Herbal medicine is the treatment and prevention of disease using preparations of plant extracts. The plants are prepared as teas, tablets or tinctures to be taken internally and as ointments, lotions or gels to be applied externally. Preparations of a single plant may be used for certain ailments. However, it is often more effective to formulate bespoke preparations that take into account the holistic needs of each individual animal. While most pharmaceutical drugs are based on a single compound that targets a specific ailment, herbal medicines contain the diverse assortment of compounds that naturally occur in the plant. So herbal preparations often benefit several aspects of the patient’s health at the same time and the synergy between the many ingredients may have an overall effect greater than the sum of the individual parts.

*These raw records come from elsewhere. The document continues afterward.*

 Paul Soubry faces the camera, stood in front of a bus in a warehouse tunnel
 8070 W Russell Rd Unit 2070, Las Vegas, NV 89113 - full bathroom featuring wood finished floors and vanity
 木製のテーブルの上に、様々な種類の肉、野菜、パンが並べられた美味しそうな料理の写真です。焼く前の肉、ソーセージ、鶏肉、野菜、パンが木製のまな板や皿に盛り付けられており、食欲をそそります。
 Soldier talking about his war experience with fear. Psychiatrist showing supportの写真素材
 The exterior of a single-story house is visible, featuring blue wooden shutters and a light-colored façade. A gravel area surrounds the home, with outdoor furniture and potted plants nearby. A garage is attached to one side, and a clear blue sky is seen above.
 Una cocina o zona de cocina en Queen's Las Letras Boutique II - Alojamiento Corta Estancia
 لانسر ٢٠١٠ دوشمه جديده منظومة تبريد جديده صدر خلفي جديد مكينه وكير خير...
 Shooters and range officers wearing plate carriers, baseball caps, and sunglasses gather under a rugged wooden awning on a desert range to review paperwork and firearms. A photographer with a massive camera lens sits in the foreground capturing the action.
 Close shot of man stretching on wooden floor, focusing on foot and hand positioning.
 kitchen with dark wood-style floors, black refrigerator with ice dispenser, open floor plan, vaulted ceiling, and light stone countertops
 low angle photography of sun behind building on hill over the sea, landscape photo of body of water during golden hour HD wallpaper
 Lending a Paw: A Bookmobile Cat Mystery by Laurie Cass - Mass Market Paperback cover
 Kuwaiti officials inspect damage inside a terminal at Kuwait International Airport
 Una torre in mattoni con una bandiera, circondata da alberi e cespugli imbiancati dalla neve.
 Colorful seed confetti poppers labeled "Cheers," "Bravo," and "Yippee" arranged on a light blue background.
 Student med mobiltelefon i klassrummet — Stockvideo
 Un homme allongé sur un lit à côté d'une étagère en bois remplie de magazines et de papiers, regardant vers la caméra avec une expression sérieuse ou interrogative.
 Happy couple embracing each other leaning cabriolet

Acupuncture is the treatment and prevention of disease by the insertion of very fine needles into key points of the patient’s body. The needles are all single use and sterile. Once inserted, they are left in place for approximately 20 minutes. They are well tolerated by most animals. Acupuncture has been used for thousands of years in traditional Chinese medicine and is now also being verified scientifically. The stimulation of the needles modifies the way in which pain is perceived by the central nervous system and causes the release of hormones such as serotonin and noradrenalin. Reducing pain improves the patient’s sense of wellbeing and can promote correct gait patterns, breaking the self-perpetuation of chronic postural problems. In combination with these physiological effects, the hormones that are released can help to normalise body chemistry, supporting rehabilitation and improving resistance to disease.